🤖 AI Summary
Edge computing environments face stringent constraints—including limited memory, volatile network conditions, and strict power budgets—that hinder efficient deep neural network (DNN) inference. Method: This paper proposes a model-free inference framework enabling on-demand accuracy and resource-aware dynamic DNN model selection. It introduces a novel edge–cloud collaborative architecture, a confidence-scaling mechanism to compress the candidate model set, and adaptive lossy inference under network fluctuations. Integrated with FPGA-based hardware acceleration and confidence-driven fine-grained scheduling, the framework jointly optimizes energy efficiency and robustness. Contribution/Results: Experiments demonstrate up to 1.6× reduction in P99 latency and a 3.34× decrease in FPGA prototype power consumption at equivalent accuracy, delivering a cost-effective solution for intelligent visual services at the edge.
📝 Abstract
Traditional ML inference is evolving toward modeless inference, which abstracts the complexity of model selection from users, allowing the system to automatically choose the most appropriate model for each request based on accuracy and resource requirements. While prior studies have focused on modeless inference within data centers, this paper tackles the pressing need for cost-efficient modeless inference at the edge -- particularly within its unique constraints of limited device memory, volatile network conditions, and restricted power consumption.

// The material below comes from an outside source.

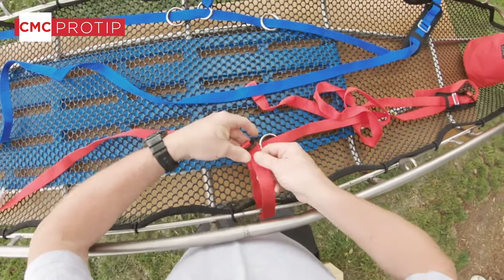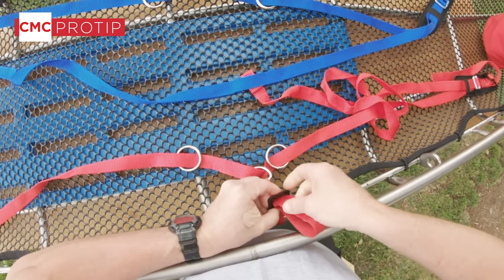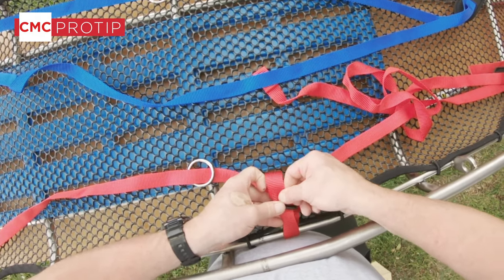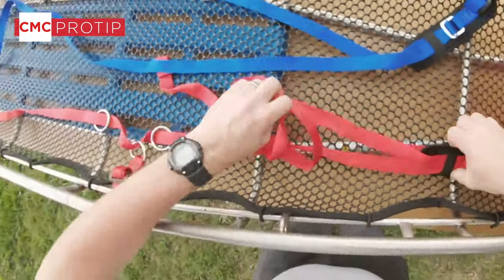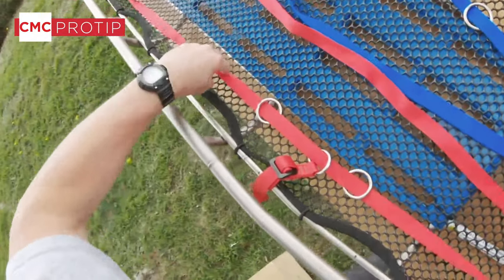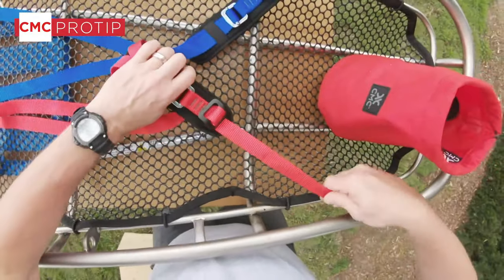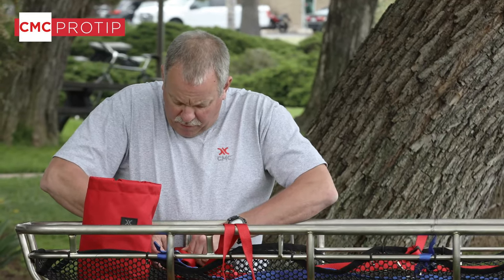Again, our second strap goes near the waist. Just like before, we make sure this is straight. We go ahead and attach the foot end. We technically can put this on either way, but we definitely prefer the adjustable end at the feet whenever possible.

To overcome these challenges, we propose EdgeSight, a system that provides cost-efficient EdgeSight serving for diverse DNNs at the edge. EdgeSight employs an edge-data center (edge-DC) architecture, utilizing confidence scaling to reduce the number of model options while meeting diverse accuracy requirements. Additionally, it supports lossy inference in volatile network environments. Our experimental results show that EdgeSight outperforms existing systems by up to 1.6x in P99 latency for modeless services. Furthermore, our FPGA prototype demonstrates similar performance at certain accuracy levels, with a power consumption reduction of up to 3.34x.